● **Activity**: Within the entries below, the lines from the one with "Garden Planter with" through the one with "Bắp Chiên Giòn" are to be set down exactly, both ends kept.

● **Source data**:
BEGIN
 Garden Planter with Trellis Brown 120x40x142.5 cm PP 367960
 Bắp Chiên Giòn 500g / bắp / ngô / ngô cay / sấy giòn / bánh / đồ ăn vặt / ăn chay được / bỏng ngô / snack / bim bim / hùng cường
END
BEGIN
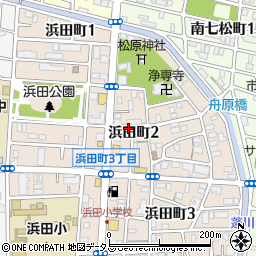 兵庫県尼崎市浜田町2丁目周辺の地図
END
BEGIN
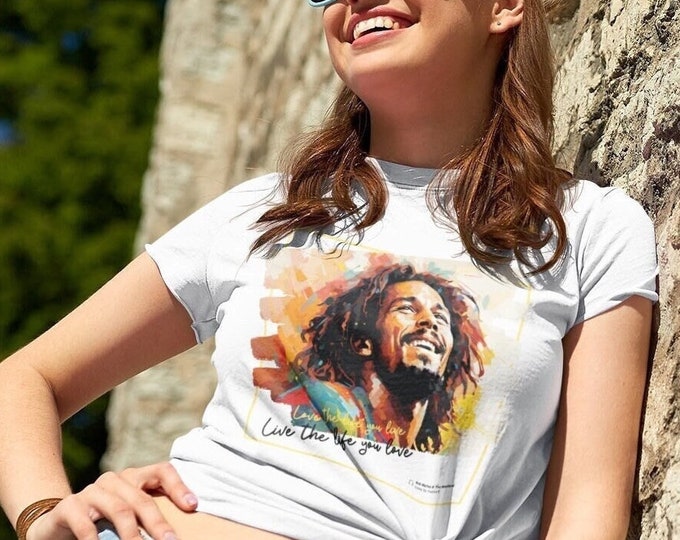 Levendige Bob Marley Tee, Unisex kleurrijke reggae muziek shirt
END
● **Exercise answer**:
 Garden Planter with Trellis Brown 120x40x142.5 cm PP 367960
 Bắp Chiên Giòn 500g / bắp / ngô / ngô cay / sấy giòn / bánh / đồ ăn vặt / ăn chay được / bỏng ngô / snack / bim bim / hùng cường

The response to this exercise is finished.